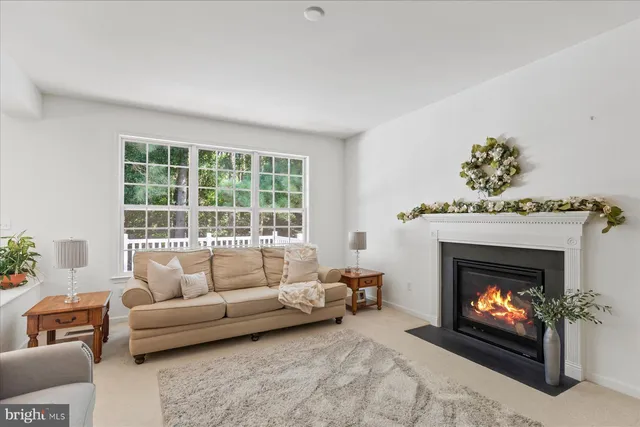 a living room with furniture a fireplace and a large window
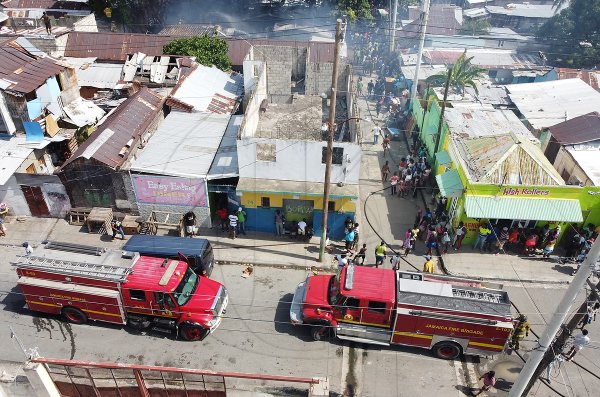 An aerial photograph of two fire trucks parked on Charles Street responding to a fire on Pink Lane on Tuesday May 26, 2020. The fire gutted five homes and damaged another three.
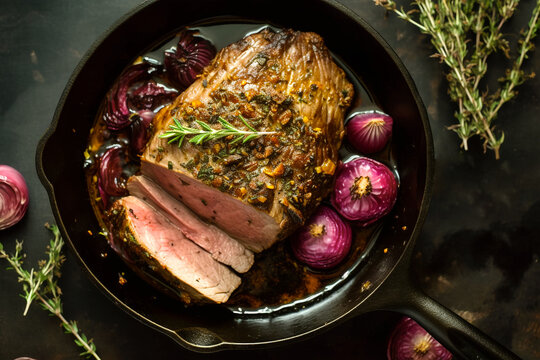 Roast beef with caramelized in wine red onions in cast iron skillet. Traditional American cuisine dish specialty for family dinner holiday celebrations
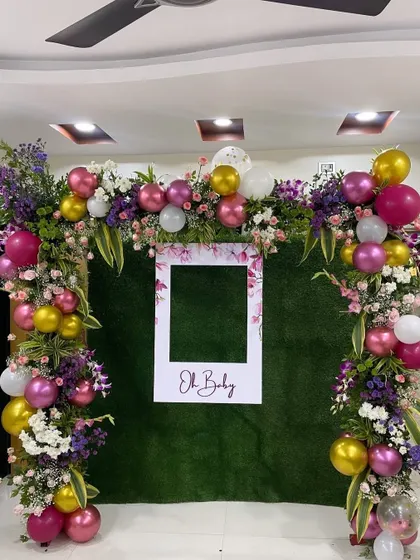 A fun and interactive photo booth I designed for a baby shower. The backdrop features a lush green wall, a floral and balloon arch, and a custom "Oh Baby" polaroid frame.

> [Problem requirements] Restate the material above word for word, so that nothing changes except that the pictures are gone.

> [Answer below]
 a living room with furniture a fireplace and a large window
 An aerial photograph of two fire trucks parked on Charles Street responding to a fire on Pink Lane on Tuesday May 26, 2020. The fire gutted five homes and damaged another three.
 Roast beef with caramelized in wine red onions in cast iron skillet. Traditional American cuisine dish specialty for family dinner holiday celebrations
 A fun and interactive photo booth I designed for a baby shower. The backdrop features a lush green wall, a floral and balloon arch, and a custom "Oh Baby" polaroid frame.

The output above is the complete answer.